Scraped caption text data
■ ■ ■ ■ ■ ■ ■

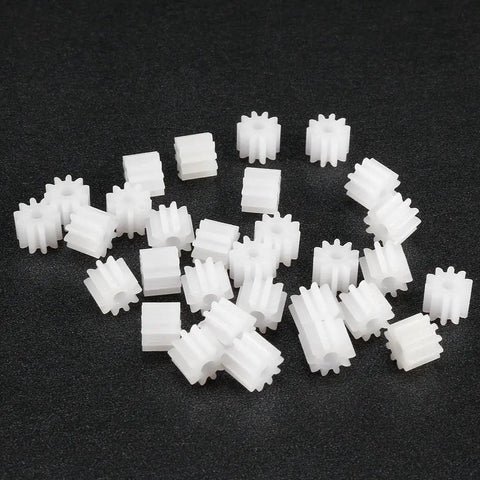 Dope 30 Piece White Plastic Gears Set With 10 Teeth Model 102A Reduction Gear And Worm Gears For RC Cars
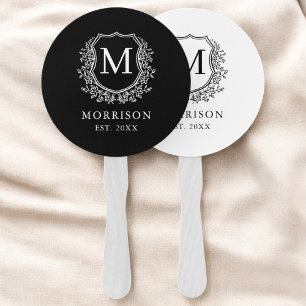 Monogram Black White Crest Botanical Wedding  Hand Fan
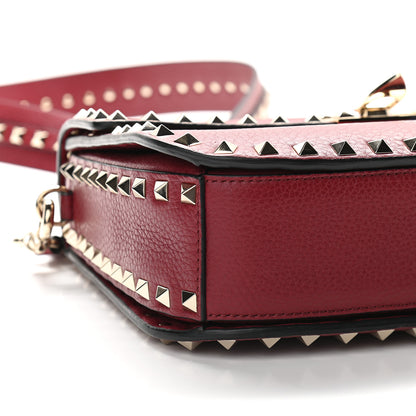 Valentino Garavani Pebbled Calfskin Medium Rockstud Flap Saddle Bag Rubino 7 of 8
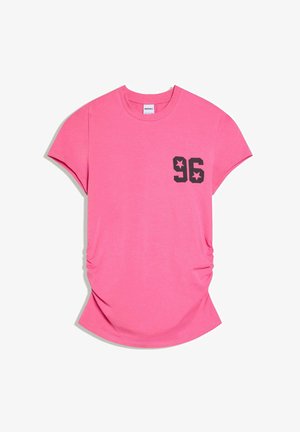 Bright pink short-sleeve T-shirt with black "96" and star design on left chest, featuring ruched sides and a round neckline.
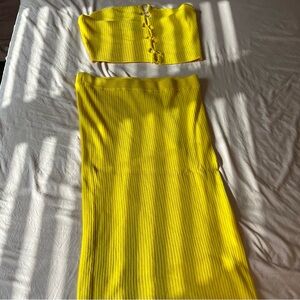 Yellow Ribbed Skirt Set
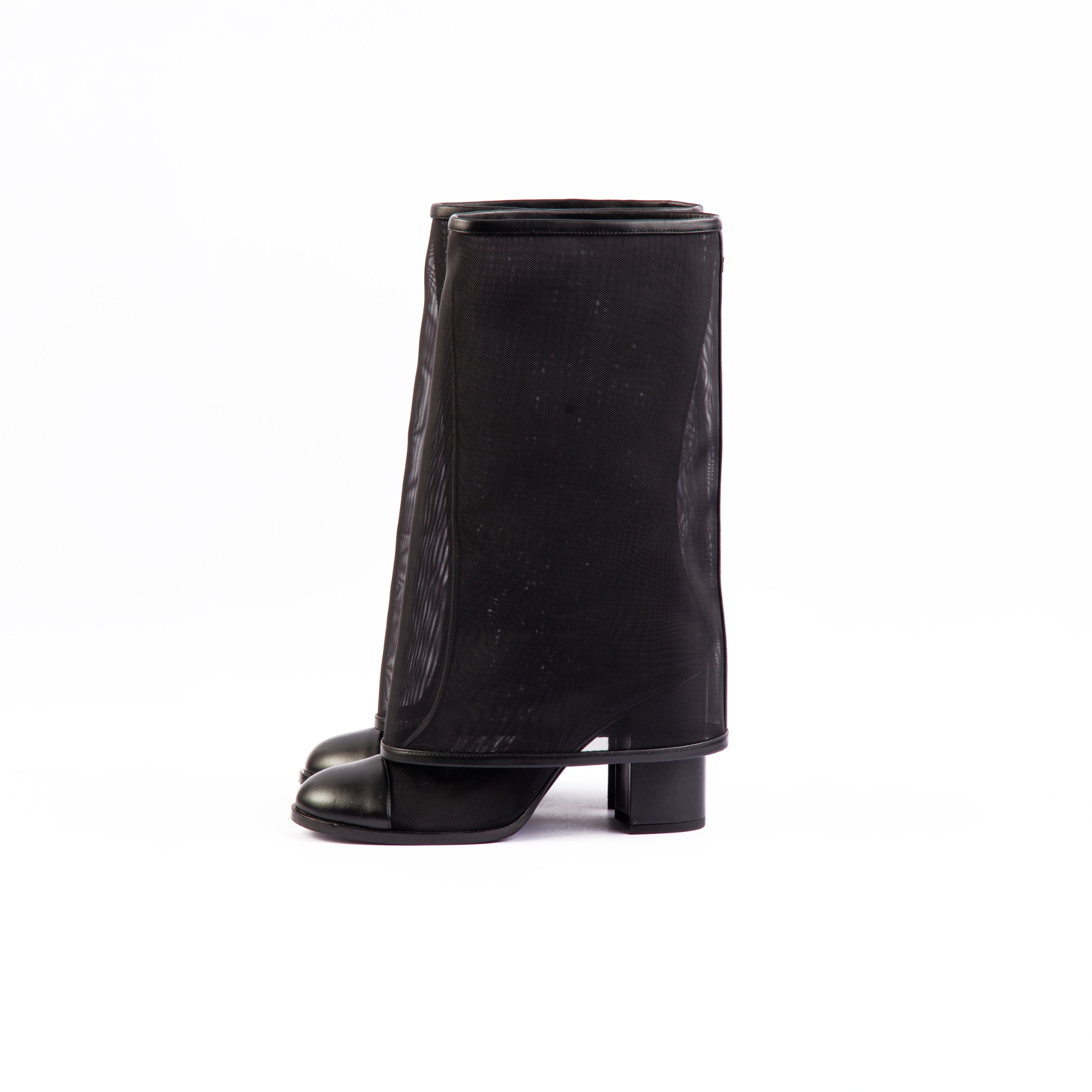 Chanel Mesh Net Cap Toe Ankle Boots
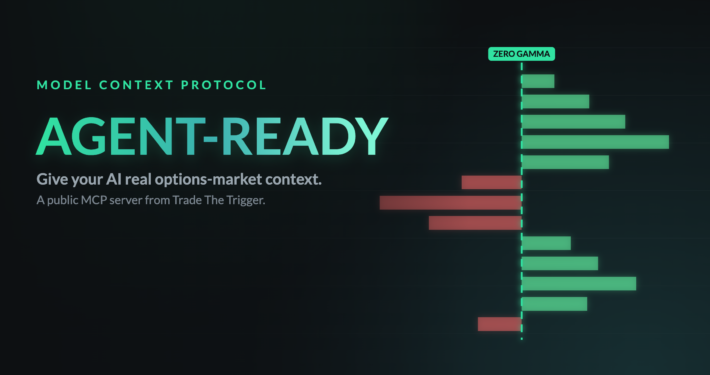 Hero banner for Agent-Ready: Model Context Protocol, with a Zero Gamma label and stylized bar chart in the background; conveys a AI options-market concept.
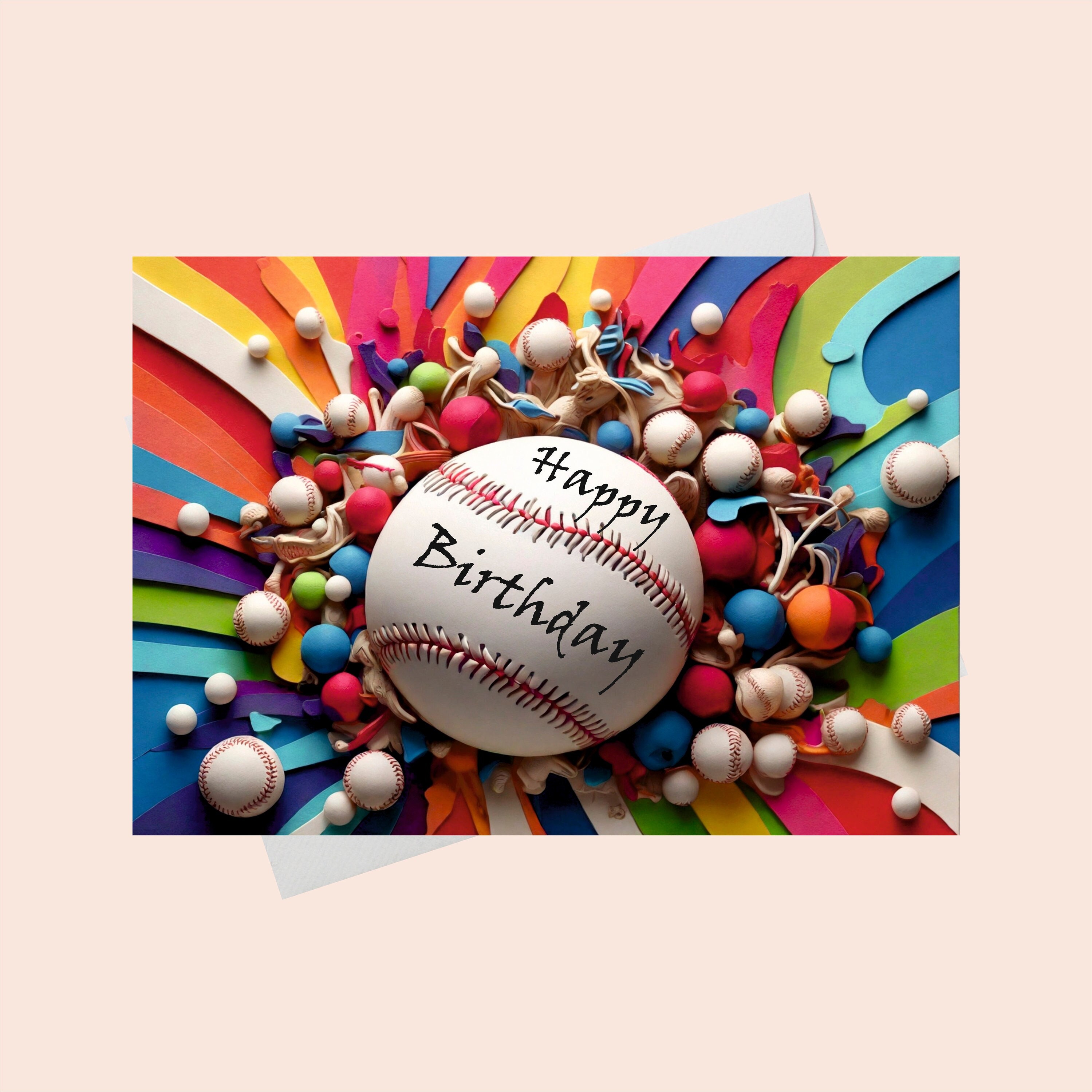 Happy Birthday Card/printable Birthday Card With Baseballs. /digital ...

■ ■ ■ ■ ■ ■ ■

• [EXERCISE REQUIREMENTS]: The records above are to be repeated exactly, with every picture removed from the copy.

• [WRITTEN SOLUTION]:
 Dope 30 Piece White Plastic Gears Set With 10 Teeth Model 102A Reduction Gear And Worm Gears For RC Cars
 Monogram Black White Crest Botanical Wedding  Hand Fan
 Valentino Garavani Pebbled Calfskin Medium Rockstud Flap Saddle Bag Rubino 7 of 8
 Bright pink short-sleeve T-shirt with black "96" and star design on left chest, featuring ruched sides and a round neckline.
 Yellow Ribbed Skirt Set
 Chanel Mesh Net Cap Toe Ankle Boots
 Hero banner for Agent-Ready: Model Context Protocol, with a Zero Gamma label and stylized bar chart in the background; conveys a AI options-market concept.
 Happy Birthday Card/printable Birthday Card With Baseballs. /digital ...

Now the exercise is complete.